Кто нагоняет в должностях, кто в званиях (учёных или военных), кто - в заработках и сберегательной книжке (у нас говорить об этом - тон дурной, но тишком-то считают...) Кто - в детях. Кто... Валентин М. клялся нам в тюрьме, что на воле будет нагонять по части девиц, и верно: несколько лет подряд он днём - на работе, а вечера, даже будние, - с девицами, и всё новыми; спал по 4-5 часов, осунулся, постарел. Кто нагоняет в еде, в мебели, в одежде (забыто, как обрезались пуговицы, как гибли лучшие вещи в предбанниках). Опять приятнейшим занятием становится покупать.
И как упрекнуть их, если, правда, столько упущено? Если вырезано из жизни - столько?
Соответственно двум разным восприятиям воли - и два разных отношения к прошлому.

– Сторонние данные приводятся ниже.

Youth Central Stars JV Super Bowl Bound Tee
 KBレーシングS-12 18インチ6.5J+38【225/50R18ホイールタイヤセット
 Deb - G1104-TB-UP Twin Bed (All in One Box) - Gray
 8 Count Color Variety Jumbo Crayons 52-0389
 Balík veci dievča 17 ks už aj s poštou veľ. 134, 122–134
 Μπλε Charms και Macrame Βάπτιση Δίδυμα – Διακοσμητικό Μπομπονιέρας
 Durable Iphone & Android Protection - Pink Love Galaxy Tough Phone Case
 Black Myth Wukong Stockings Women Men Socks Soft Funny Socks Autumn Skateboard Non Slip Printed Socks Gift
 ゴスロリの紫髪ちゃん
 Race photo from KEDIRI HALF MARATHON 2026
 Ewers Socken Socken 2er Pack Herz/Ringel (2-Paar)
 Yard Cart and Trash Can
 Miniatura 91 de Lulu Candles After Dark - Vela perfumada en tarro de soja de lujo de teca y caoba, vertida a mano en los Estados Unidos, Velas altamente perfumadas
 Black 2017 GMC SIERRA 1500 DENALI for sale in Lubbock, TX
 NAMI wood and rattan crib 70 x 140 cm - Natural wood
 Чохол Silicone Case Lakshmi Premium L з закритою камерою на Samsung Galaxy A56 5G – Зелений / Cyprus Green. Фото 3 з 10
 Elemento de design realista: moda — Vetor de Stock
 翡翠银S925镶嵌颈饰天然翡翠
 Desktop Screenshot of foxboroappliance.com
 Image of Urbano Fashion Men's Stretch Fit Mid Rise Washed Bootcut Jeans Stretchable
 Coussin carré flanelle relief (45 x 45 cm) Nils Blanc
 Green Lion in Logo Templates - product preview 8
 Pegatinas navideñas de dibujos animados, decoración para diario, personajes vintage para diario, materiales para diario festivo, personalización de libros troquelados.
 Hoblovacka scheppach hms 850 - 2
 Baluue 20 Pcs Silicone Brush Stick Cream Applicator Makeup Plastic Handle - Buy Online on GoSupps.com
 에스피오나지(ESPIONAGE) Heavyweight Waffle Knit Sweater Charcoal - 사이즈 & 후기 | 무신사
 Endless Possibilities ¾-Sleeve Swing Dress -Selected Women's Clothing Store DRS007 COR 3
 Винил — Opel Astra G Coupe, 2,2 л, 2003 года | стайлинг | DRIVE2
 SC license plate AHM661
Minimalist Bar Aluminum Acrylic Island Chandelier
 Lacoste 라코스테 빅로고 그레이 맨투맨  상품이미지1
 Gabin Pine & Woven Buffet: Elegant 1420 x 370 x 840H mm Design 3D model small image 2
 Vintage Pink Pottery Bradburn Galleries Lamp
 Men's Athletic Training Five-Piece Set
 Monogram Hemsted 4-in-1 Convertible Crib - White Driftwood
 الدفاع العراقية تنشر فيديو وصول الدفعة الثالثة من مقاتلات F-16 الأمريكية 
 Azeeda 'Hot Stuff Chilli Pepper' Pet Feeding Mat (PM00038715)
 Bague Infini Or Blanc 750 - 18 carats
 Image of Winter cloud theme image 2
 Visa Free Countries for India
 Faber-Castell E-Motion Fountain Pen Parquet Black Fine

Вот ты пережил страшные годы. Кажется, ты ведь не чёрный убийца, ты не грязный обманщик, - так зачем бы тебе стараться забыть тюрьму и лагерь? Чего тебе стыдиться в них? Не дороже ли считать, что они обогатили тебя? Не вернее ли ими гордиться?
Но сколь же многие (и такие не слабые, такие не глупые, от которых совсем не ждёшь!) стараются - забыть! Забыть как можно скорей! Забыть всё начисто! Забыть, как его и не было!
Ю. Г. Вендельштейн: "Обычно стараешься не вспоминать, защитная реакция". Пронман: "Честно скажу: видеться с бывшими лагерниками не хотел, чтобы не вспоминать". С. А. Лесовик: "Вернувшись из лагеря, старалась не вспоминать прошлого. И, знаете, почти удалось!" (до повести "Один день"). С. А. Бондарин (мне давно известно, что в 1945 году он сидел в той же лубянской камере передо мною; я берусь ему назвать не только наших сокамерников, но и с кем он сидел до нашей камеры, кого я отнюдь не знал никогда, - и получаю в ответ): "А я постарался всех забыть, с кем там сидел". (После этого я ему, конечно, даже не отвечаю.)